ROANOKE TIMES 
                      Copyright (c) 1995, Roanoke Times

DATE: Sunday, December 10, 1995              TAG: 9512080051
SECTION: EDITORIAL                PAGE: F-2  EDITION: METRO 


BIRDBRAINED SEEDS OF A SCIENTIFIC DISCOVERY?

EVERY BIRD and bird-lover knows it. The squirrels are winning.

You put out the bird seed. The squirrels feast.

You put out the bird seed in a hundred-buck squirrel-proof bird feeder. The squirrels falter. Maybe. Then they feast.

The battle has escalated now, with new weapons technology brought to bear: a bird-feeder that delivers a small electrical charge through its roost.

Birds, whose feet and beaks don't conduct electricity, are unaffected. Squirrels get zapped. It doesn't really injure them, its inventor, John Boaz of Centreville, Va., told The Wall Street Journal. "They give it sort of a look of wonder."

They probably are stunned that those weird humans would go to such lengths to deny them a little snack.
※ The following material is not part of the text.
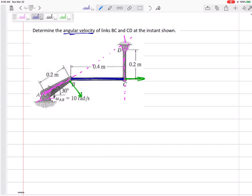For this blue one, my instantaneous center — I don't think it's right there at D, maybe a little bit above D. We'll see.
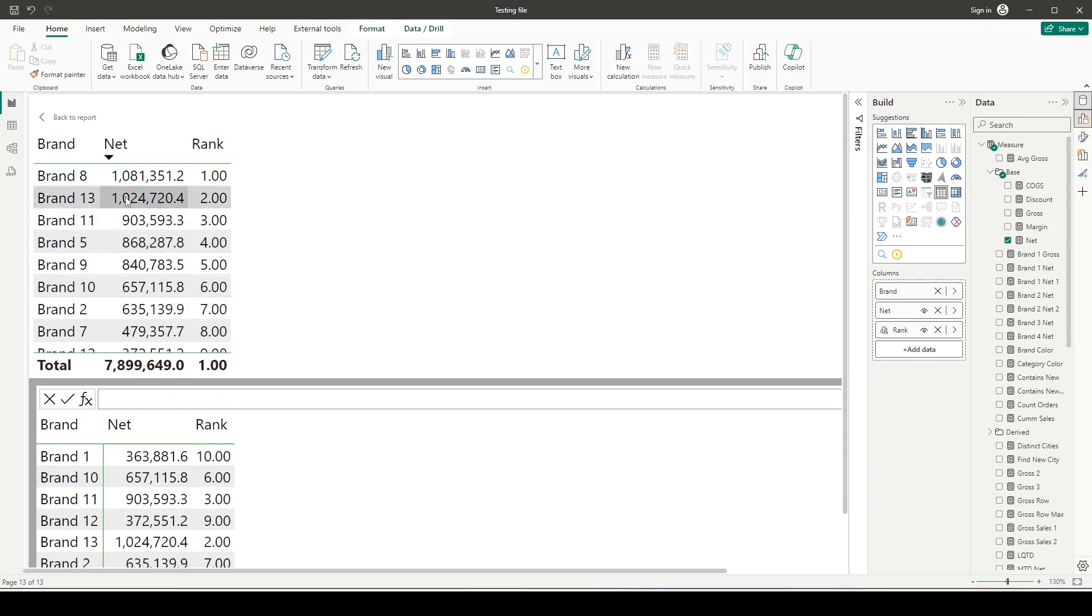As my visual is already sorted on net, you can see it's showing rank 1 for the maximum amount of net that we have now. The question you may ask is how is this making a difference? You could have done this RANKX function with all selected and it would have behaved in the same manner, isn't it?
Sure, it's frustrating to feed the thieves, but really this is shocking. Well, mildly. Besides, it's just a matter of time before the rodents figure out how to lean a wooden ladder against the feeder and munch away at their leisure.

You think not?

Consider the bird-feeder designed to literally slam the door on the greedy creatures. The roost drops under the weight of a squirrel when it jumps on, triggering a sheet of metal to drop down and close off the food opening. At $80 a pop, lots of folks looking out for their feathered friends have snatched them up. And several report seeing one squirrel standing on a counterweight bar behind the feeder, holding the little metal shutter open while another gobbles down seed.
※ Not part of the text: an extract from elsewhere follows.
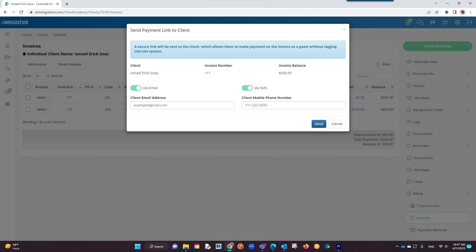Once confirming how you want to send it and which address or phone number you want to send it to, you will finalize it by clicking on send.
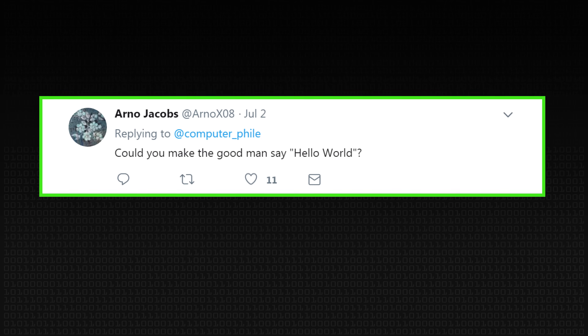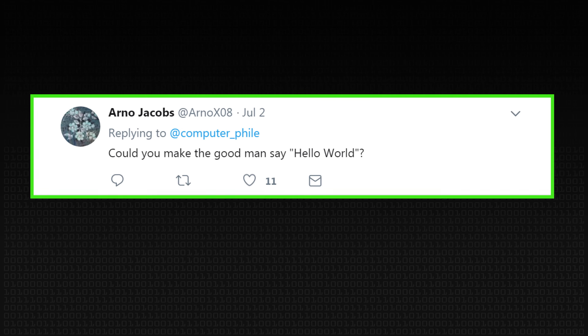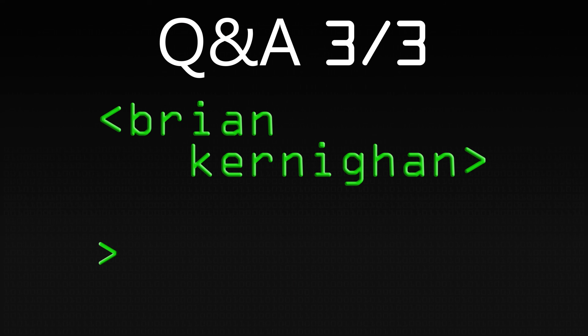Arnaud says, could you say hello world for us? Hello world. Fantastic.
If you can't beat them - well, no need to join them. But you have to admire, if grudgingly, that kind of ingenuity and teamwork from animals with brains the size of - what? Peanuts?

If there's no way to fight this nuisance, perhaps humans can figure out some way to put squirrels' problem-solving abilities to work for us. Scientists have yet to figure out how to make cold fusion occur, for example. They're not even sure it is possible.

There's one way to settle that question: a test tube, a bag of bird seed, two squirrels. The bag must be opened by energy created by cold fusion. If the problem can be solved, it will be. Two days, max.